Selection on chunked data

Selection on chunked data
Picture by Pixabay - Licence: CC0

In the post I wrote last year about the lessons learned from building a table component, I mentioned just a few lines about the selection. Still, I think it’s worth writing a separate post about it, as it’s an interesting topic.

What is chunked data in this context?

In this context, “chunked data” refers to the fact that you will not have all the data at the same time in the client, and you will have only access to a subset of the data at a time, and to some metadata, for example, the total number of rows.

This is a very common scenario when you are dealing with large datasets or when you want to give the user the fastest possible response time.

If you check the previous post, I mentioned the internal pagination, which means the data is chunked into pages, but it is a UI chunking, not a data chunking as you have all the data available in the client and you chuck it for render porpouses, so it is not the same case.

Selection on non-chunked data

Imagine you have a table and you have all the rows, for example 1000 rows, handle the selecte rows state is straightforward, you can just have an array of the selected rows (you can store ref to the rows or the row ids, it depends on your use case), even if the data has groups, we donnt need to take care of that, as the final selection are items, not groups, so if you have a group with 10 rows, and the user selects the group, you just add the 10 rows to the selected rows array.

If you need to execute an action on the selected rows in the backend, you just send the array of selected rows (in most cases, it’s better to send the IDs of the selected rows). And the backend can just execute the action.

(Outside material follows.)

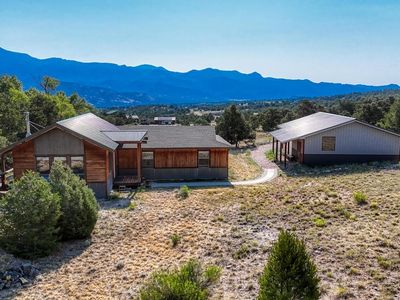 426 Leprechaun Lane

This case is simple but doesn’t scale well in multiple ways:

  • You need to load all the data in the client, probably via an API call, and the backend needs to get it from the database, that means, database executions time, network time, parse time (CPU and memory), and client rendering time and also the memory usage in the client to store all the dataset, which can be a problem if you have a lot of data.
  • You need to keep track of the selected rows in the client, and again will need more memory and network usage as bigger is the dataset.

Selection on chunked data

So the natural next step is to chunk the data and only load a subset of the data at a time, to reduce the memory usage and the network usage, but this brings some challenges when it comes to selection.

Imagine you have a table with 1B rows; this probably will be unmanageable in the client (I’m pretty sure it will be), so the reasonable thing to do is to chunk the data, for example, in chunks (pages) of 1000 rows. Doing this, we have a maximum use case, no matter how many rows you have, you will only have 1000 rows in the client at a time, so the memory usage, CPU usage, and network usage for each load have an upper limit.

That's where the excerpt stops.